# Diawa Sealine 40 SHA for Sale or Trade



## Jwalker (Jan 18, 2014)

Box, paperwork, tool and brakes. Fished five times over 2 year period. Cleaned and lubed after every trip. $85 or trade for some gear. I will be heading down to Nags Head on the 17th with a stop in Williamsburg on the 16th. I can meet on the way down or while I'm there.


----------



## IPNURWATER (Aug 20, 2013)

What kind of gear you looking for?


----------



## Jwalker (Jan 18, 2014)

Open to just about anything. I'm trying to build up my saltwater supplies. Lures, Pier gaff, terminal tackle, things along those lines. I fish mostly from piers. Drum and pin rigging. And throwing lures.


----------



## IPNURWATER (Aug 20, 2013)

K I'm sure I can full fill your needs . let me know when your otw to nags head. I'm in chesapeake va 23320.


----------



## Jwalker (Jan 18, 2014)

I'm leaving after work on the 16th. Stopping in Williamsburg for the night. Going to Bass Pro in the morning before I head the rest of the way to OBX. What kinda sruff you got to trade?


----------



## IPNURWATER (Aug 20, 2013)

Not sure if you know about the new dicks sporting goods and field n stream they just built but it's worth stopping by since your this way. It is less then a mile from me. 

I gotta go through my stuff since I don't surf or inshore cast any more ,im usually on my boat. 

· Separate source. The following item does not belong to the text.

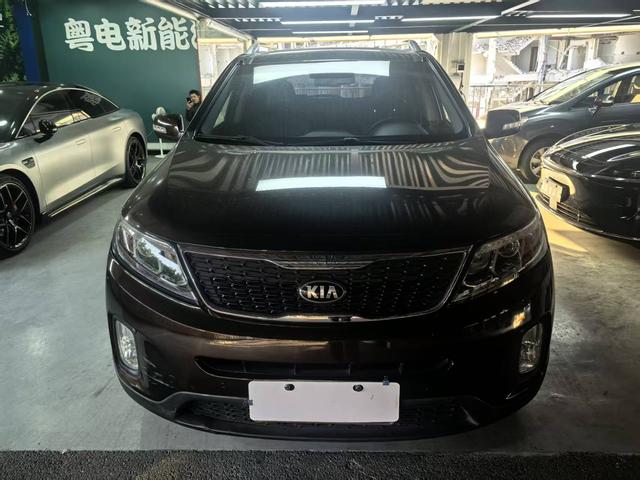 Certificated Used Kia Sorento 2013 2.4L 5-Seat Gasoline Luxury Version National IV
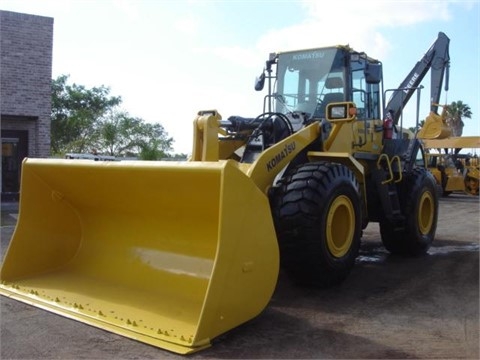 Cargadoras Sobre Ruedas Komatsu WA380 en venta Ref.: 1437779400858103 No. 2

But I'm sure I got plenty of lead weights eggs,pyrmirds,banks ,no roll ,bananas,etc,spro and horse head buck tail jigs heads just poured just need some hair n paint ,i have some extra bucktail hair to get you started. Mirror lures ,Yozuri lures, casting plugs,topwater plugs,gotcha plugs ,spoons, gulps,storm shads ,calucutta shads, zoom jerk shads all shads from 1inch to 7inch, I have some Plano containers small and big,bottom rigs think I have two diff kinds, some premade rigs ,swivels, bead,rooster tails, spinner jigs,a few inshore trout rods all star,st croix, I'm sure there things I forgot...


----------



## Jwalker (Jan 18, 2014)

Sounds good. I'll get with you when I'm heading down


----------